His publish-or-perish gambit worked. No getting around it - the Unabomber has pulled off a successful extortion of The New York Times and The Washington Post. Under threat of more killing, he got the newspapers to publish - in a special section of Tuesday's Post - his 35,000-word diatribe detailing his view that technology has nearly ruined the human race and the natural environment.
That's highly debatable. What's not is that 17 years of mail-bomb terrorism by the Unabomber has ruined many innocent lives. Will publication really stop the killing? Will it only encourage copycat actions by wannabombers? Is it ever OK to do business with a terrorist? What about journalism ethics? These are some of the questions fired back at the papers' publishers as the Unabomber's manifesto hit the streets.

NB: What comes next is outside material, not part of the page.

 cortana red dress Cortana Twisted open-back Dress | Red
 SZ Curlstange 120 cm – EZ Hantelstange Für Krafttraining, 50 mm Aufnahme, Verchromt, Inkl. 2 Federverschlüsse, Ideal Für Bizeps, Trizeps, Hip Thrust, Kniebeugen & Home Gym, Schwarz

Both Post Publisher Donald E. Graham and Times Publisher Arthur Sulzberger Jr. said they had acted solely to save lives.Taking the hard line is easy. Newspapers shouldn't routinely turn over their pages to criminals. Newspapers shouldn't casually buddy up to cops or the FBI. Any reporter not born a skeptic becomes one. But newspapers aren't ivory towers. They're flesh-and-blood actors in the real world.
Balancing ideals and lives is never easy. But if even one life is at stake, spilling a little ink isn't so bad.